Мы суеверно боимся заглядывать за край, молчим о тайне. В самом деле, кажется, для чего называть всё? Чтобы не осталось заповедных углов, чтобы всё наше внутреннее пространство было разведано и исхожено? Если человек – как еще остающийся человеком, как в своих собственных глазах достойный существования, всерьез готовый принять оправдание, если оно будет ему послано, – если человек для того, чтобы продолжать быть, зависит от непост оянных веяний чего-то, что трудно услышать и нельзя назвать, – то, наверное, его могут пригнести или физически уничтожить обстоятельства, но по-настоящему погубить себя он может только сам: развязным пренебрежением к таинственной привязанности, которая и без того только чудом сберегается. Будничное слово, может быть всего чаще – слово поточной литературы работает как ежедневная фабрика по стиранию не вещей – вещи устаивают, – а душ, души не выдерживают. В том раннем молчании, которое золото, был весь нерастраченный человек. Младенец не обязан говорить чтобы быть уже человеческим младенцем, с важным достоинством смотреть на мир. Смятение начинается когда от ребенка требуют называть, называть, называть. Человеку часто так нужно затаиться в молчании, как птице важно забиться в гнездо.

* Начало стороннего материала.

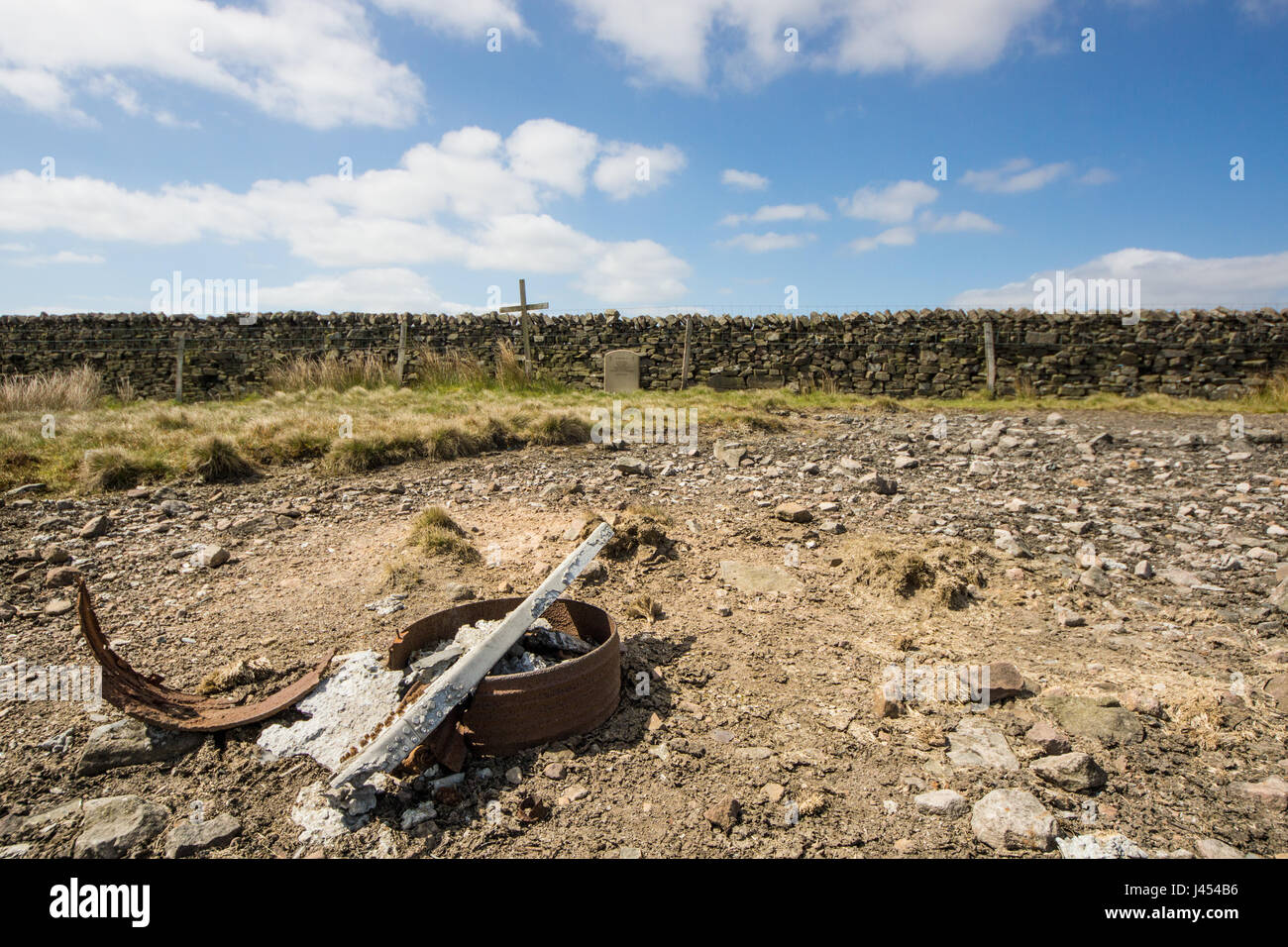 Seite der B-24J 42-100322 Flugzeuge die stürzte auf Burn fiel, Wald von Bowland auf die 01.02.1945 4 Mitglieder des 19 Crew zu töten. Stockfoto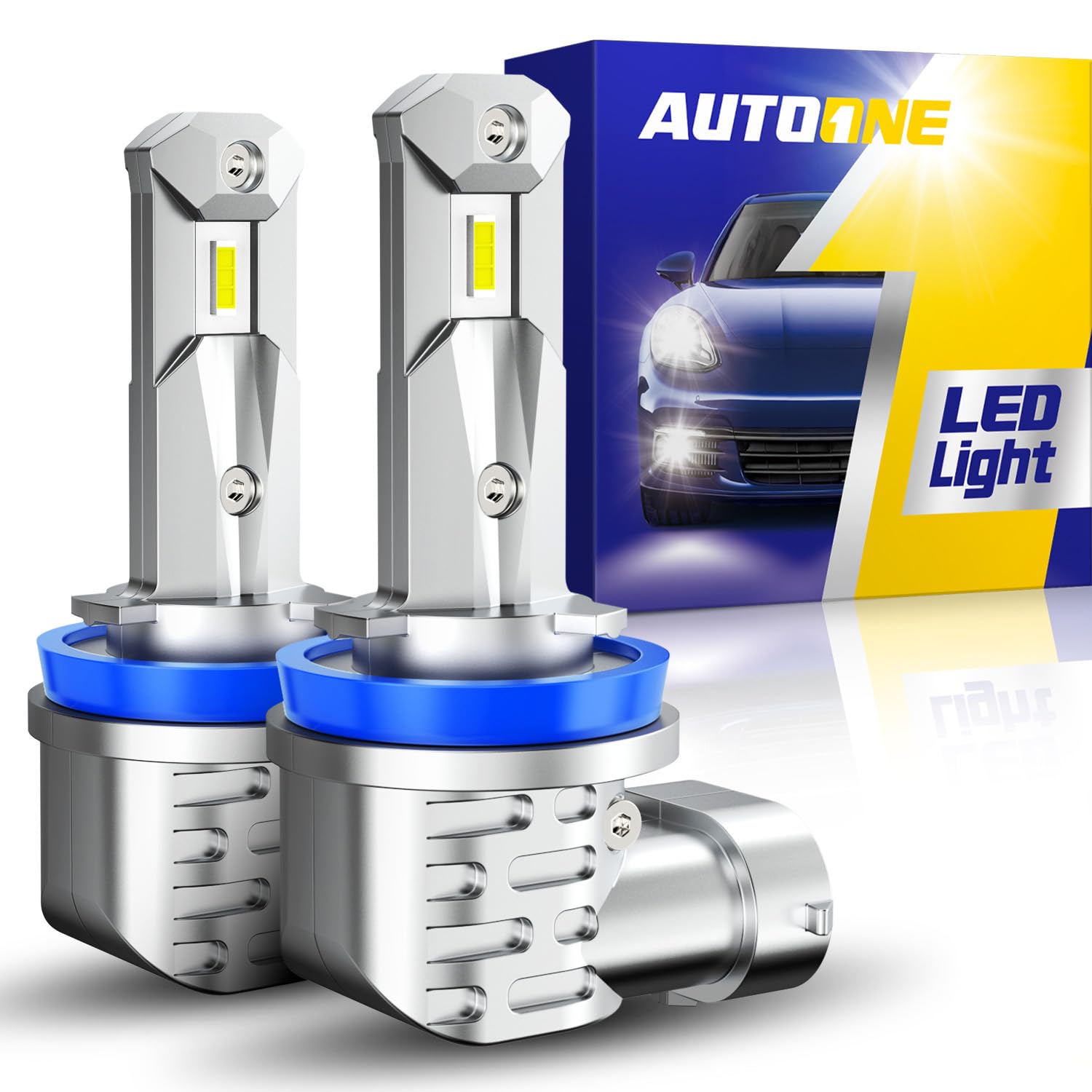 AUTOONE H11/H9/H8 Light Bulbs, Fanless No Flicker 30000LM 6000K Fog Lights Canbus, 10YR Lifespan, Pack of 2 Image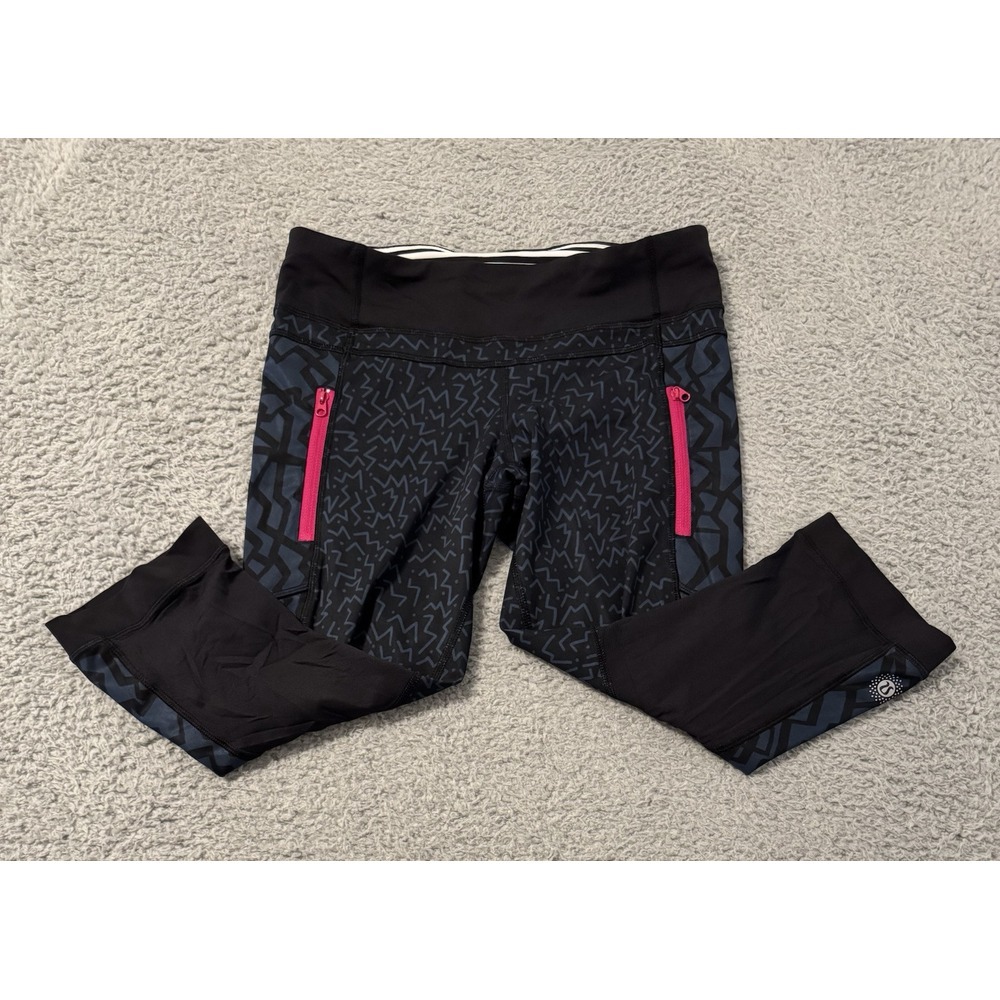 LULULEMON Size 6 Black Gray‎ Stretch Animal Leggings RUN TOP SPEED Crops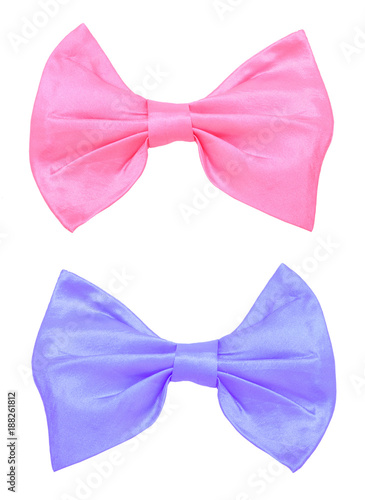 Pink and blue bows tie isolated on the white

Английский профессор сказал иностранному студенту, который добросовестно поддерживал беседу: мы не обязательно говорим в обществе, мы иногда просто сидим и молчим. Если это действительно так, если это не идеализация себя, то англичан можно назвать великой нацией. Русские создали большую литературу между прочим еще и потому, что они в свое время создали уникальную культуру молчания и умалчивания и косвенной скоморошеской речи. В немецком слово, начинающееся с гласной, берется твердым приступом, усилием горла. Надо сломить невидимую преграду, чтобы перейти от молчания к речи. Человек, не знающий грузинского, одной из первых вещей в нем замечает на слух примерно такое же усилие горла в начале фразы или части фразы. Этот языковой жест преодоления преграды показывает, что по ту сторону речи – охраняемая область молчания, заветное пространство, в которое человек не так просто допускает[140]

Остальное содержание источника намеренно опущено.